Entries shown —
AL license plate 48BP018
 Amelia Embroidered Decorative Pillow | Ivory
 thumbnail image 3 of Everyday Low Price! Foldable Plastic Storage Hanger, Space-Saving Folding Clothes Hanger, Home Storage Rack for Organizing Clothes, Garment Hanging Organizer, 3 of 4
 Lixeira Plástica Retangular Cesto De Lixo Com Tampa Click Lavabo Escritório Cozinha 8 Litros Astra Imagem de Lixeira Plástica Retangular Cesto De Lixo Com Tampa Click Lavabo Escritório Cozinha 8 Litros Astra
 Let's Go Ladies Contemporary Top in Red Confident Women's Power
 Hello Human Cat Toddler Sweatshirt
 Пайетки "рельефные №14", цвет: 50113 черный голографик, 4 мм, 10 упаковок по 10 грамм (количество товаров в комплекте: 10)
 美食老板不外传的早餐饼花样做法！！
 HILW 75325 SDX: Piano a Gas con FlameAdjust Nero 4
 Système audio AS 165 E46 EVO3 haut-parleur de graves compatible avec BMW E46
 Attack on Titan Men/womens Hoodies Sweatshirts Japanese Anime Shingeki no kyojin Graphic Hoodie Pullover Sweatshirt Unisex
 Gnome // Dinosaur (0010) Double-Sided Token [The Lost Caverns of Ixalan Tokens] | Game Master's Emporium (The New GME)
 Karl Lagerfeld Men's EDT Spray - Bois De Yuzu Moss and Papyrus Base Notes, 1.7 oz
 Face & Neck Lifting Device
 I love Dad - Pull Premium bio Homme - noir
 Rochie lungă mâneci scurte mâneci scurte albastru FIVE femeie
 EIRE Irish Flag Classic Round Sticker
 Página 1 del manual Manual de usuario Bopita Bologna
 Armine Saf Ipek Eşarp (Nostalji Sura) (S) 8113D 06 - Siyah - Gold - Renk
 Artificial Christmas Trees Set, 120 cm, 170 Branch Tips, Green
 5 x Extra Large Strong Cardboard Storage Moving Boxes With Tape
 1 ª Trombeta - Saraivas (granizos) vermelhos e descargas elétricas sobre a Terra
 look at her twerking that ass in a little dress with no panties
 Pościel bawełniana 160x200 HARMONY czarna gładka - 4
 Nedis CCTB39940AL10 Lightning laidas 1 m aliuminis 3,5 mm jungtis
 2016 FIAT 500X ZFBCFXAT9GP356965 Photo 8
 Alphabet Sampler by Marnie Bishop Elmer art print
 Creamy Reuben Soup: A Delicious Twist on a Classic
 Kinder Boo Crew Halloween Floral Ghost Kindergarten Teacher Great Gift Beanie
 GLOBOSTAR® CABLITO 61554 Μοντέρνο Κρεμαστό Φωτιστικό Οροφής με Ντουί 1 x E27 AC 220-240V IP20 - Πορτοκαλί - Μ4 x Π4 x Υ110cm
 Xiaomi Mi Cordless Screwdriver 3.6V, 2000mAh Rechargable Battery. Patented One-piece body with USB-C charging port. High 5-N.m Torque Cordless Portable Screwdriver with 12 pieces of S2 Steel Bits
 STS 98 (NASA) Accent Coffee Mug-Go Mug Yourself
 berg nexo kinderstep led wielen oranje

What you are asked to do —
Which lines of the records above contain the word "Storage"? Show each of them.

Your solution —
 thumbnail image 3 of Everyday Low Price! Foldable Plastic Storage Hanger, Space-Saving Folding Clothes Hanger, Home Storage Rack for Organizing Clothes, Garment Hanging Organizer, 3 of 4
 5 x Extra Large Strong Cardboard Storage Moving Boxes With Tape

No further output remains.